Wednesday, June 18, 2008

out of the mouths of your offspring...

out of the mouths of your offspring...
Current mood: bored

I was just thinking about some funny stuff my kids have said in the past that have amused or embarrassed me.
When Lauren was around two yrs old, I had been listening to Denis Leary's song ASSHOLE in the car (hey, its a good song!) and well you know how kids are, they absorb everything. We were in the grocery store and I was pushing her in the cart and all of a sudden she starts singing (quite loudly may I add) "I'm an asshole!!" My face was like this: . Then, there is part of the song where they spell out the word, "A-S-S-H-O-L-E everybody!" and to my amazement she sat right there and spelled it out. At that point I just started laughing cause she was two years old and she had just spelled her first word and it was ASSHOLE. Yes I am such a wonderful parent!
Then around the same time, I was driving through the Burger King drive thru and her car seat was in the front. I ordered her a kids meal and got to the window and sat my purse next to me and grabbed some money. The cashier comes to the window and Lauren goes, "HEY! MOM!" I turn and look and she has grabbed a tampon out of my purse. "THIS GOES UP YOUR BUTT!"
I turned about 10 shades of red because of COURSE I had a male cashier and he saw the whole thing.

Alex hasn't really embarrassed me that much, although one time we were out in public around a group of people, and she said "SHIT!"
I chastised her, which prompted her to respond "but you say that all the time!" OOPS!
She has always been a little too smart for her own good. Lauren was freakishly strong as a child and Alex was very advanced verbally. She spoke her first word and then the next week she was saying sentences. And she hasn't shut up since. When she was only 4 we were in the car listening to a song called "Perfect Day" and she looked at me and said "I think this is sarcastic". I had no idea she was capable of grasping that concept. I'm sure lots of examples of funny things she has said will come to mind after I hit "post" on this blog but at the moment this one which occured when she was around 6 comes to mind:
We were in the pet store buying supplies (we have a lot of animals) and we were looking at the cute little bunnies, "awww!" and the little puppies "OMG SO CUTE!" and then the kittens "how precious!" and I was just oohing and aahing over them all. Alex looks at me with a serious expression and says, "See, this is why I could not work here."
I go, "Yeah right! Cause you'd want to take all the cute animals home! I know!" She looked at me and with deadpan manner, said "no, I meant because it stinks." I was laughing so hard I was doubled over in the aisle.

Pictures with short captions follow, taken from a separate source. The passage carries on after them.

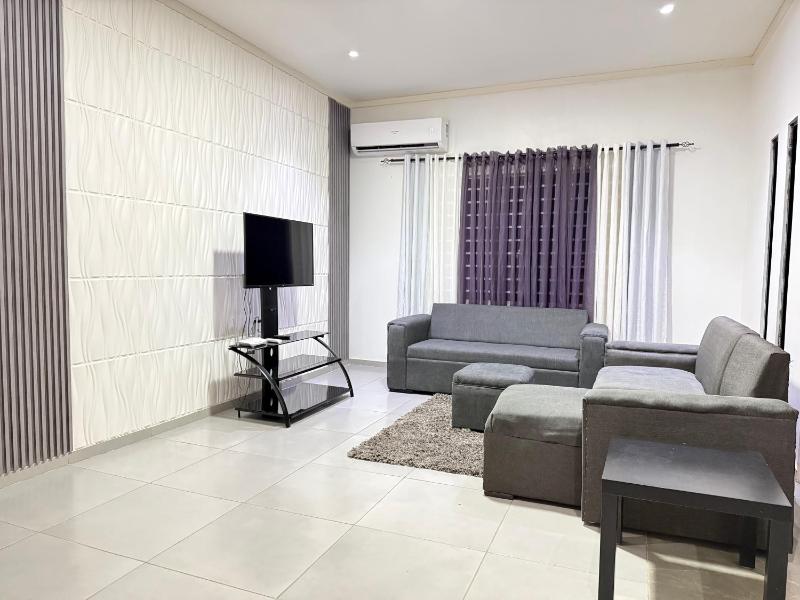 Cosy stays at Cathie - image 3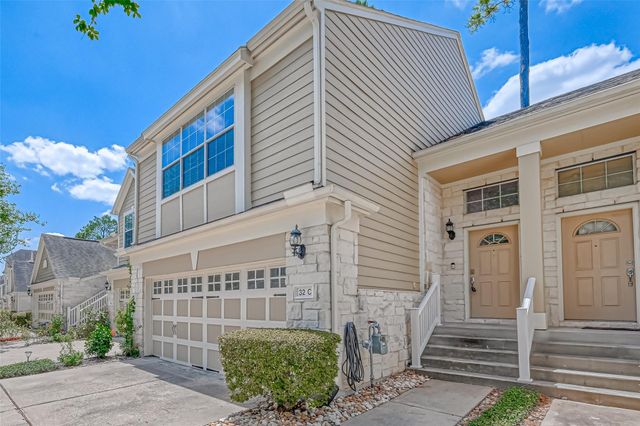 13600 Breton Ridge Street 32C, Houston, TX 77070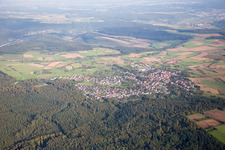 Vue aérienne de De l'ouest à Neunkirchen dans le département Bade-Wurtemberg, Allemagne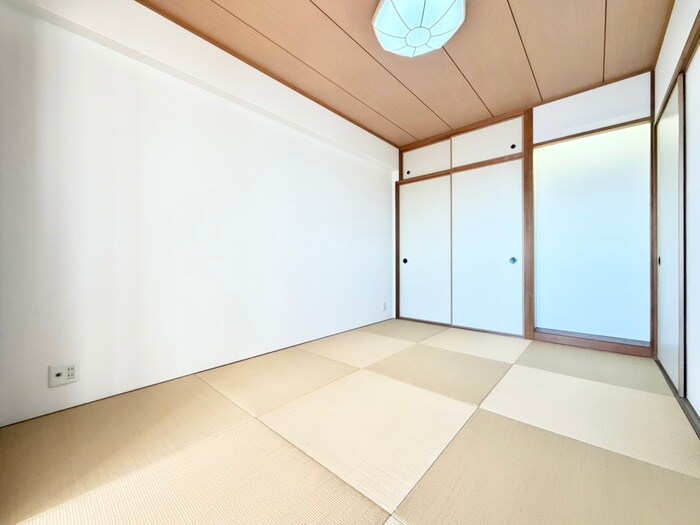 物件内観写真11　(居室)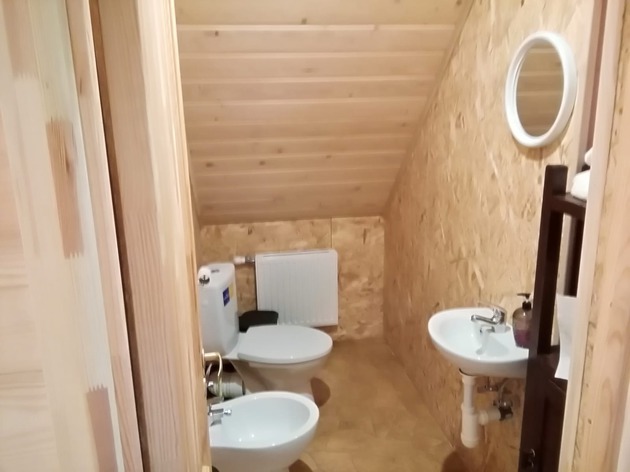 Dviviečiai kambariai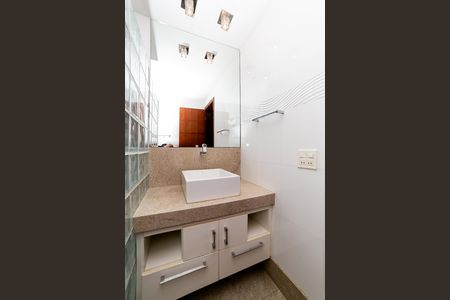 Apartamento à venda com 133m², 3 quartos e 2 vagas Apartamento à venda com 133m², 3 quartos e 2 vagasBanheiro Social
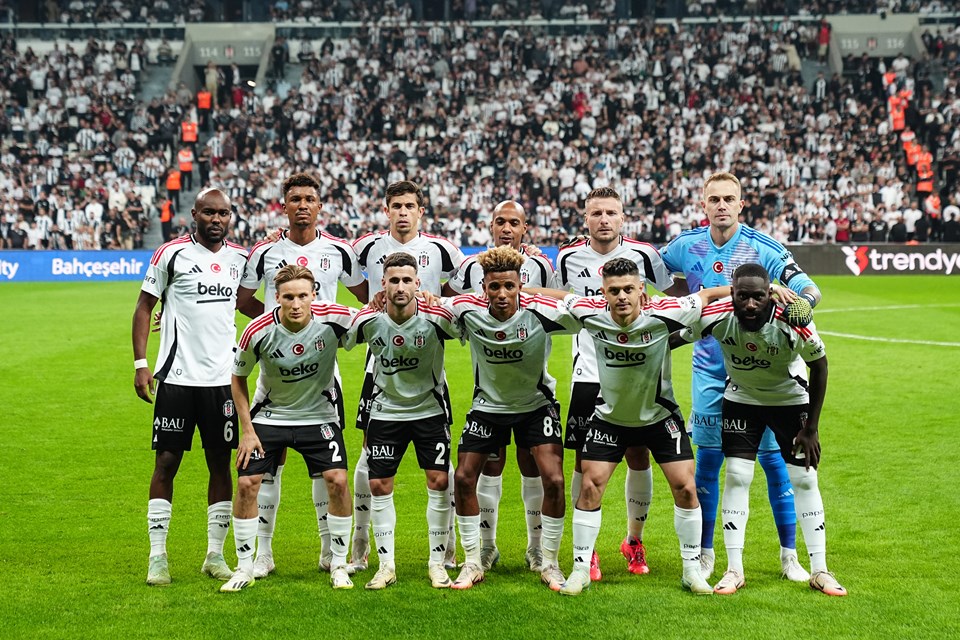 Giovanni van Bronckhorst kadroda değişiklik yapmadı - 1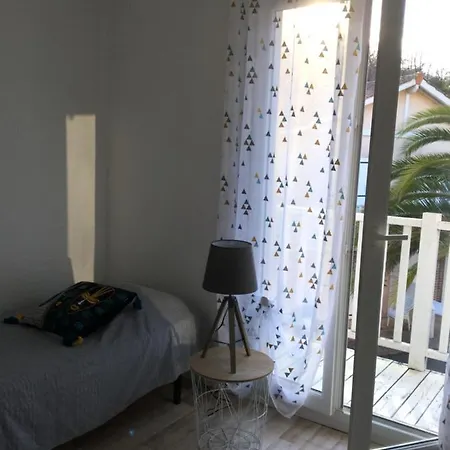 Anglet- Biarritz T3 Dans Avec Piscine * Anglet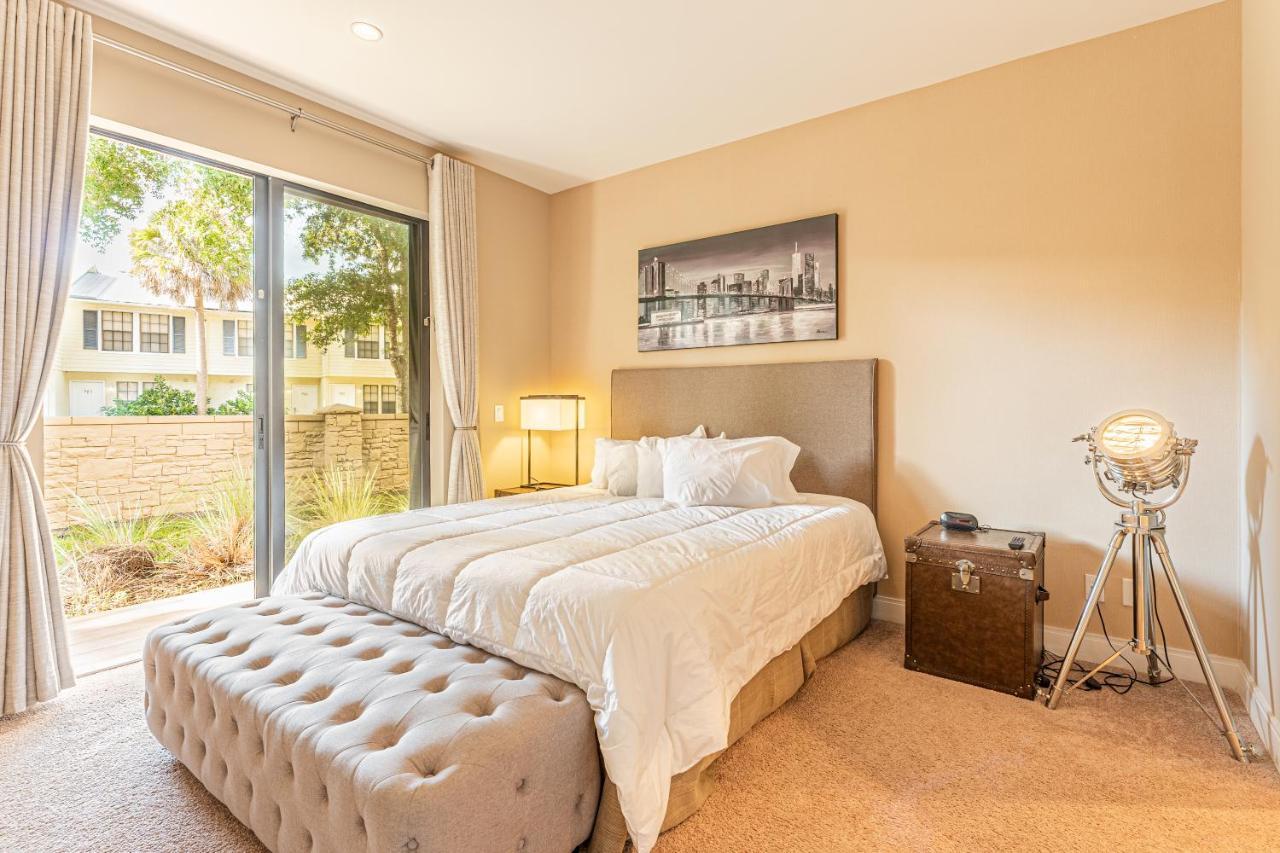 Holiday home Promo - In Gated Community - 12min To Orlando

In other news, I had a weird dream the other night and Lauren said I should share it cause it was kinda funny. I was not taking drugs, either! (just bc pills and honestly I don't know why I bother!)
I had taken Alex to the Sanitary (which is the restaurant jimmy works in, yes that is really the name of it) and she was wearing a monkey costume (wtf?). Jimmy seated us at a table near the window because he said it would give us a good view of the show. I was like, "Show? What kinda show?" Jimmy assured us that we would enjoy it and to sit back and relax. The view out of the window was of an aquarium that was full of sharks. We had just started eating and the show began. Some people on the deck above began throwing animals into the aquarium. A bear, a lion, and some other animals. They were all fighting to the death in the water and blood was flying everywhere. I shielded Alex's eyes. Jimmy came over to our table and acted pissed off that we were not enjoying the show. Then he began demanding that I return his towels because his ex gf was getting suspicious about where the towels were and apparently he had left them at my house. (To clarify Jimmy has never even been to my house and I do not have his towels). I told him I would look when I got home but I was staying at the beach that week. He got mad and stormed off. Alex and I walked outside to the deck where the next show was about to start, and she promptly jumped into the aquarium with the sharks. I screamed and pulled her out and jimmy ran over and said "What the hell is wrong with your child?" I said I didn't know and went inside to pay. Jimmy had marked my ticket paid but I told him "Hell no. I am paying for this." He was trying to close the restaurant and was very impatient and unfortunately I didn't have any cash so I was trying to write a check and he was making me nervous and I kept making it for the wrong amount. Then I overheard him saying he needed money for a magazine subscription, and I muttered that I get all my magazines for free (true). He heard me and walked over and started being nice and asking me for free magazines. I walked outside to an old truck to leave and as I was about to get in, I heard a very deep, creepy voice say my name. I looked all around but couldn't see who had said it. Then the alarm went off and I woke up.
Feel free to send interpretations.

Also, they say when your nose itches someone is talking about you, when your palm itches you are going to receive money. What does it mean when your belly button itches?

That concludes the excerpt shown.